El pasado 21 de febrero, el “Cura y el barbero”, mi columna semanal del Diari de Tarragona, cumplió 3 años. Luchando tenazmente contra la tiranía de los 3500 caracteres, que tanto encorseta las necesarias creatividad y voluntad de estilo del colaborador, sigo creyendo que la prensa debe ser el altavoz de la cultura. Y, aunque uno se siente un poco solo en esto, resulta que un día M.Victòria Bertran te dice que te lee siempre y que hoy te has superado; Xavier Fernández bromea sobre las misas del cura y los trasquilones del barbero; Núria Pérez y Mar Cirera responden solícitas y amables a tus alarmas de erratas; Antoni Coll te felicita por aquel artículo de Galdós.

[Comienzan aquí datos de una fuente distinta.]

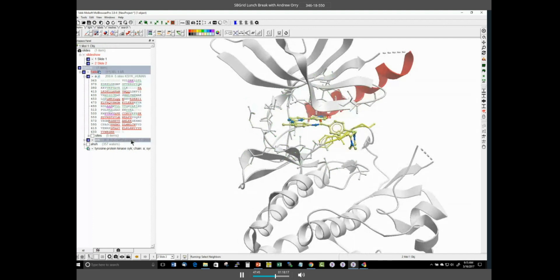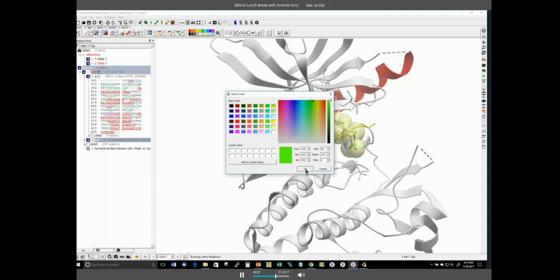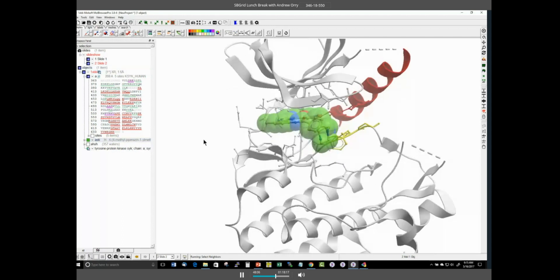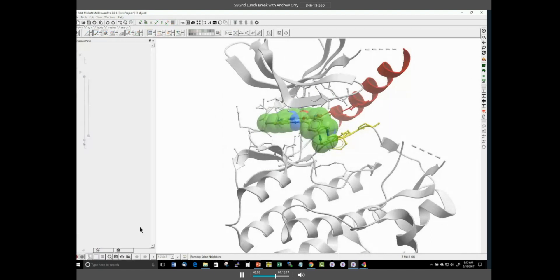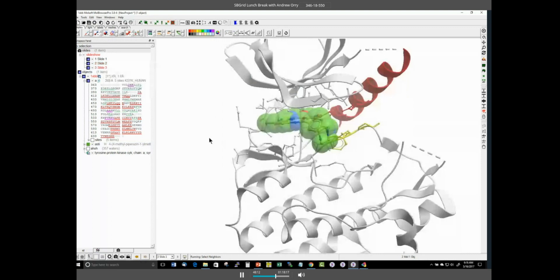To change the representation of the ligand, double-click on it in the ICM workspace. When we press CPK the ligand will be displayed in that representation. We can also change the color of carbons by clicking and holding the button and choosing 'Color C Only' then selecting carbon. We make another slide and can now toggle through the different slides we've produced.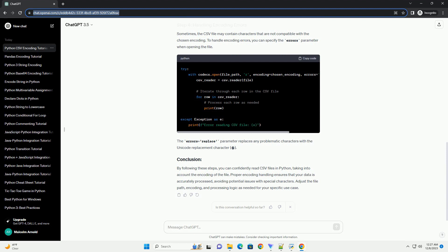Sometimes, the CSV file may contain characters that are not compatible with the chosen encoding. To handle encoding errors, you can specify the errors parameter when opening the file. The errors equals replace parameter replaces any problematic characters with the Unicode replacement character.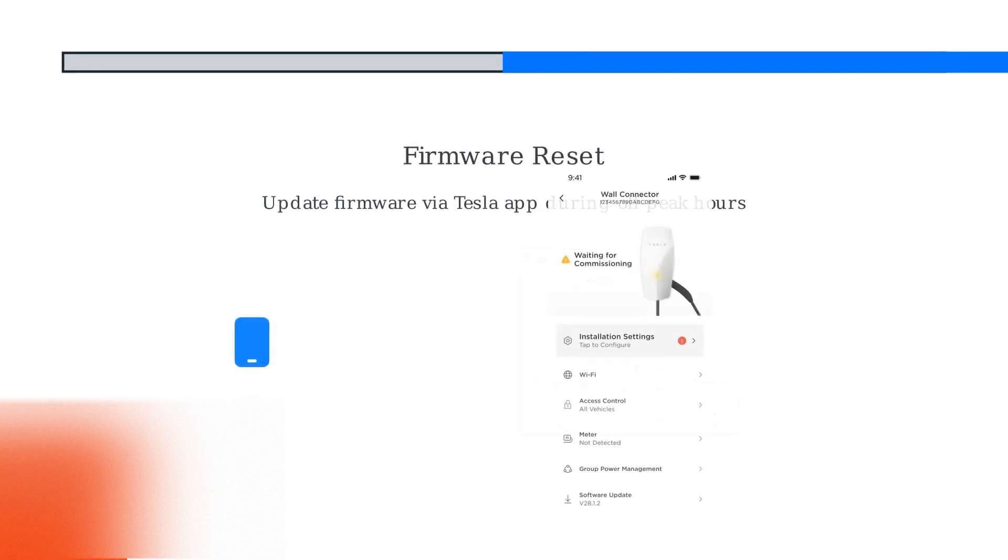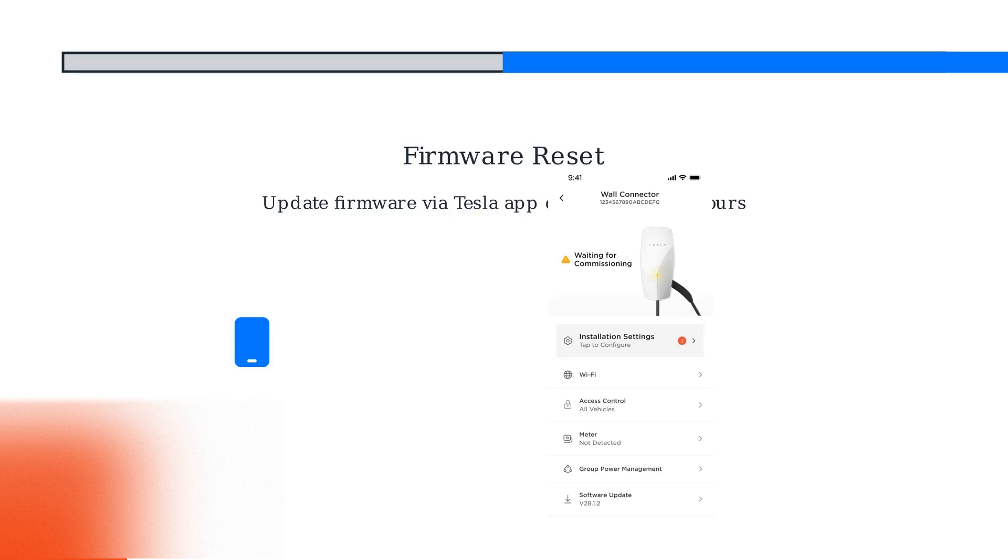Finally, firmware reset. Open the Tesla app, go to Charging and Wall Connectors to update or roll back firmware. Do this during off-peak hours. If problems persist, contact Tesla Support.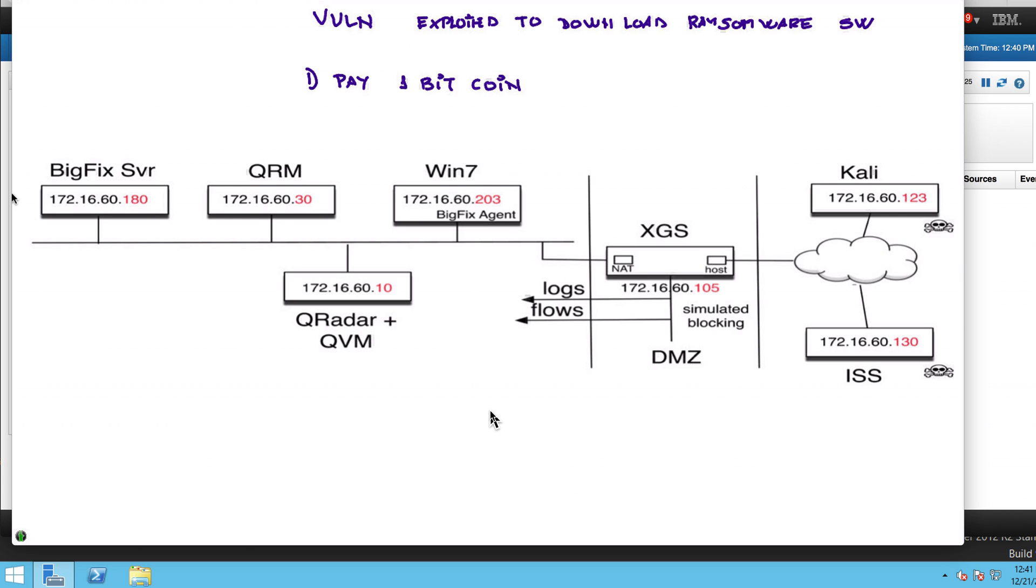Until now, the only option that people had if they want their files back and didn't have a backup is to pay one bitcoin, which is not only around $700 in today's money, but also a pain in the neck. If you never transacted with bitcoins, it's quite a hassle to get an account, buy a bitcoin, and pay the guy.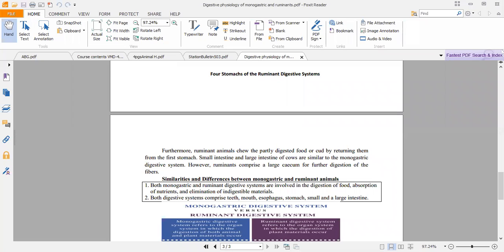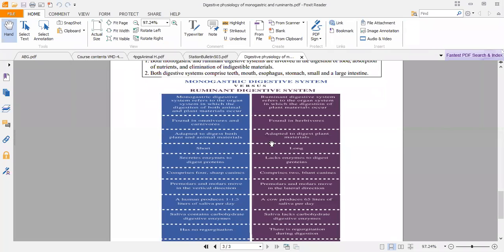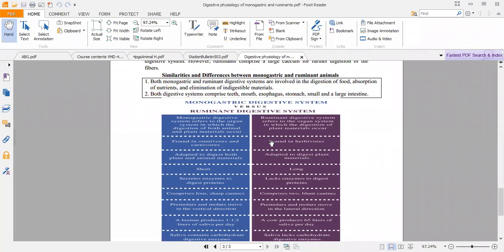Let's summarize the similarities and differences between monogastrics and ruminants. Both monogastric and ruminant digestive systems are involved in the digestion of food, absorption of nutrients, and elimination of indigestible materials. The basic physiology is almost the same except for the compartments of the stomach. Both digestive systems comprise teeth, mouth, esophagus, stomach, and small and large intestine.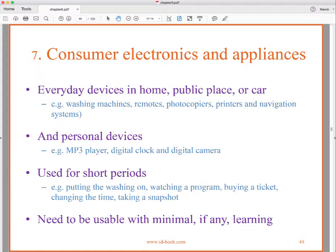These devices might be washing machines, remote controls, photocopiers, printers, GPSs, and personal devices like MP3 players, digital clocks, digital cameras, and smartwatches. They're used for short periods — putting the washing on, watching a program, buying a ticket, changing the time, taking a snapshot. They need to be usable with minimal or no learning, because people don't want to adopt things that have a high cost of starting.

También los hay que un día se despiden, como Isaac Albesa, y su nombre, que el “Gmail” te completaba en la barra de destinatarios como una costumbre que parecía inamovible, te recuerda lo mudable que es la vida. Y luego están los lectores, cuya fidelidad acicatea el ánimo. Y, al fin, resulta que el triste y solitario colaborador recibe su acuse de recibo. Muchas gracias a todos.
Mi primer artículo en el Diari de Tarragona, el 21 de febrero de 2010, dedicado a Tranvía a la Malvarrosa, de Manuel Vicent. Entonces disponía sólo de unos 500 caracteres. Hoy disfruto de algo más de 3500 (una media plana). Y nuestro blog. Siempre nuestro blog.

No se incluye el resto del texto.